I’m a bit confused about the theoretical peak performance reported for sparse and dense Tensor Core operations. A lot of literature states that the sparse tensor core (FP16) performance is double the dense tensor core performance. As an example, consider table 6 in https://www.nvidia.com/content/PDF/nvidia-ampere-ga-102-gpu-architecture-whitepaper-v2.pdf, which states 512 FP16 FMA operations per SM in the dense case vs 1024 in the sparse case. I’m trying to understand this doubling in performance and what it means.
Assuming I’m doing a M16N16K8 FP16 MMA operation on tensor cores. In the dense case this would require calculating 2048 FMAs. Given the above theoretical performance numbers it would take me 4 cycles to execute the MMA.
If A is now pruned with the 2:4 sparsity pattern, half of A’s entries are 0 and I only need to calculate 1024 FMA operations to get the final result. According to blog posts like Accelerating Inference with Sparsity Using the NVIDIA Ampere Architecture and NVIDIA TensorRT | NVIDIA Technical Blog the latency is halved. So in the end I would still end up with a performance of 1024/(4/2) = 512 FMA/cycle/SM similar to the dense case and different from the reported 1024 FMA/cycle/SM.
So my questions are:
How come the reported theoretical peak performance in the sparse case is 1024 FMA/cycle/SM?
Is it possible to physically execute 1024 FMA operations on my RTX3090 or does this include the 512 FMA operations that we save because of to the sparsity in A and which are never actually executed?
What is the maximum number of FP16 FMA operations that I can physically execute on my RTX3090 GPU per SM per cycle, 512 or 1024?
The sm__inst_executed_pipe_tensor_op_hmma.avg.pct_of_peak_sustained_active metric in Nsight Compute, does it report the peak sustained rate achieved with respect to the sparse FP16 MMA peak performance? I have not managed to get beyond 50% using only dense FP16 MMA.
because it is counting the multiply-by-zero operations, even though they are not actually performed in hardware
the 1024 number includes the 512 ops we save because of to the sparsity in A and which are never actually executed.
Using the thought process we have now established, it is 512 actual multiplications by non-zero elements.

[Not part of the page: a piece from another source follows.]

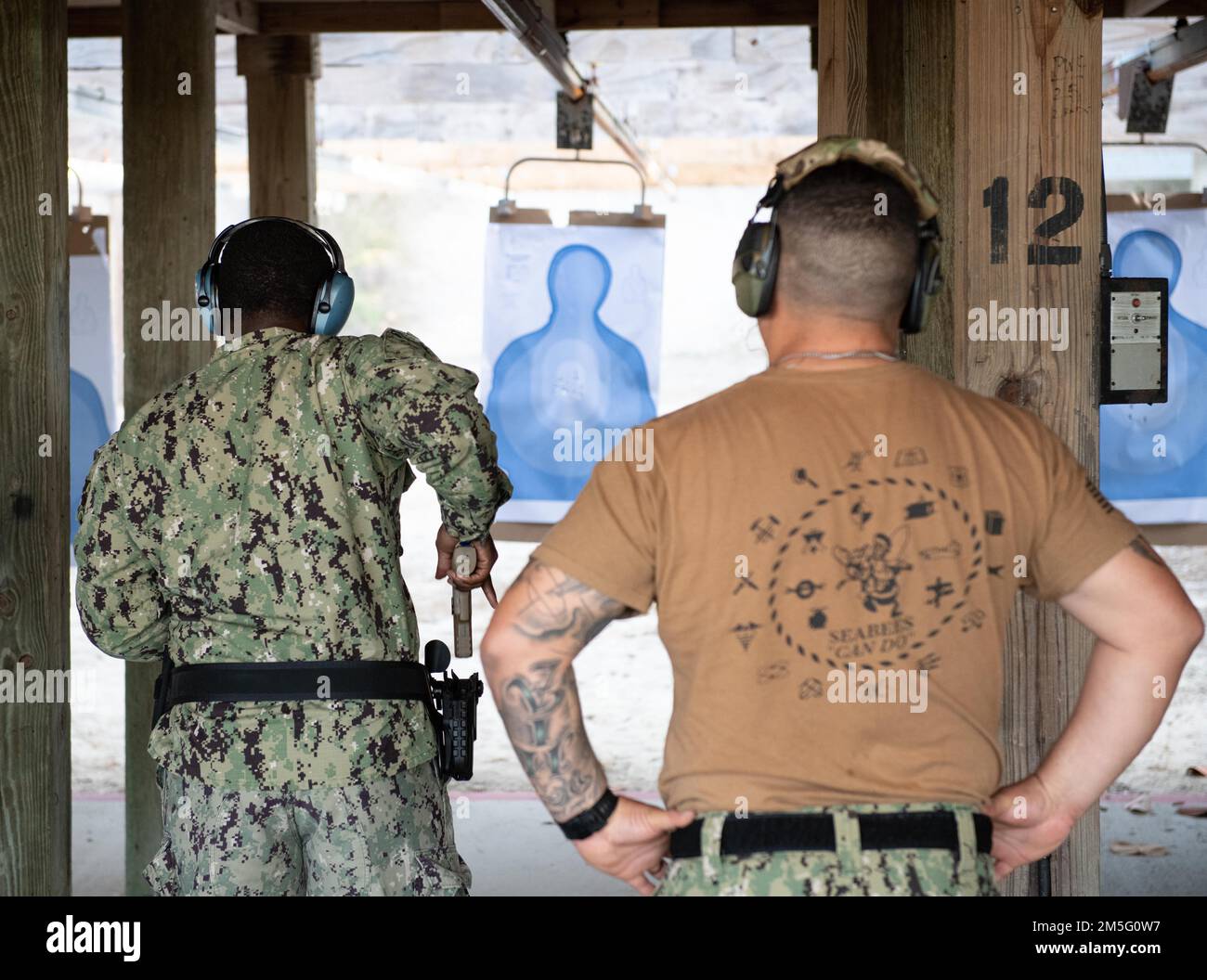 (220315-N-OI810-0354) KEY WEST, Florida (March 15, 2022) Seabees assigned to Naval Mobile Construction Battalion (NMCB) 14 conduct weapons qualification for the M-18 service pistol at Boca Chica Field small arms range, Naval Air Station Key West (NASKW), March 15, 2022. Seabees assigned to NMCB-14 travelled to NASKW to complete a week-long course to increase combat readiness and qualify members in the M-18 pistol and M-4 rifle small arms platforms. NMCB-14 provides advance base construction, battle damage repair, contingency engineering, humanitarian assistance and disaster recovery support to Stock Photo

profiler specific questions might be better asked on the nsight compute forum, however this topic has come up a few times and I believe you can find descriptions in various posts with a bit of searching.
Each MMA instruction would (probably) have the same latency between dense and sparse case.
The overall computation would need half the same, as the multiplications with 0 can be saved.
Nothing special or surprising about latency (low-level latency is the same, high-level latency improved, as computations are done with double the speed).
agreed. I thought about trying to dissect this statement also:
but its kind of nitpicky given that the thrust of the question doesn’t seem to be wrapped up in that statement. However I don’t think I would agree that you can infer latency cycles of a low-level op that way. Latency cannot necessarily be inferred from throughput statements/specs.
I try:
Here are some third-party (academic) measured throughput and latency numbers for Ampere:
fp16.fp16.fp16 dense m16n8k16 on A100 and RTX3070Ti: Latency 24.4 and 24.0 cycles
fp16.fp16.fp16 sparse m16n8k32 on A100 and RTX3070Ti: Latency 24.3 and 24.3 cycles
To compare the same effort for the Tensor Cores, the k dimension has to be double in the sparse case.
The latency is the same between dense and sparse (But much higher than 4 cycles as the compuations are pipelined.)
The FMA throughput numbers approximately double between dense and sparse (in the paper they also count the multiplications with 0 and the addition of the result as FMA).
Thank you for pointing this out. Yes, I agree that you cannot infer the latency from the throughput numbers in that way. My main interest was indeed to know whether the reported sparse peak performance includes the saved multiply-by-zero operations which are never actually executed in hardware.
To be fair, there are lots of cases with at least 50% sparsity (e.g. convolution with some gliding window or pruned neural nets and many others) and it is possible to reorder the sparse dimension to distribute the 0 coefficients.
So the marketing people from Nvidia should be forgiven for overstating the actual number of operations.
PS
Also be careful, when reading performance numbers, with FLOPS vs. FMA. There you get another 2x. And /SM and /Tensor Core, another 4x.